If the only reason for possible difference in program performance is due to imbalances in the observable characteristics of participants between the old and new sites, then the method sketched above should predict program performance fairly well. Yet even after adjusting for differences in individual characteristics, it is obvious that other factors can cause the outcomes of the comparison groups to diverge across study sites.  For example location specific features – such as capacity to implement the program – would surely also affect program impacts and the covariate rebalancing approach doesn’t address this.

In the specific case of job-training programs, an obvious cause of divergence would be the local labor market conditions. One way to account for these conditions is to simply control for relevant labor market measures in the main estimating regression.  What Flores and Mitnik do instead is model the effect of local conditions on outcomes in the pre-intervention period and then use the estimated parameters to adjust the outcomes of interest in the post-randomized period.

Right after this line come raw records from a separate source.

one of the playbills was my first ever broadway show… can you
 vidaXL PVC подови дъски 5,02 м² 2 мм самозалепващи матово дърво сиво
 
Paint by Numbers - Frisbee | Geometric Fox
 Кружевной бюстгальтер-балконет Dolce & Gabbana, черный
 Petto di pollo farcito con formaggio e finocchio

To assess the success of this overall approach for program impact extrapolation, Flores and Mitnik measure the extent to which these corrective measures equalize the outcomes of interest in the control groups in the various sites. To capture the degree of similarity in outcomes , the authors calculate the normalized root mean squared distance (rmsd) – the square root of the sum of squared deviations of each site outcome from the global mean – to benchmark improvements in inference. The main outcome explored is whether the individual was ever employed in the two years following program onset.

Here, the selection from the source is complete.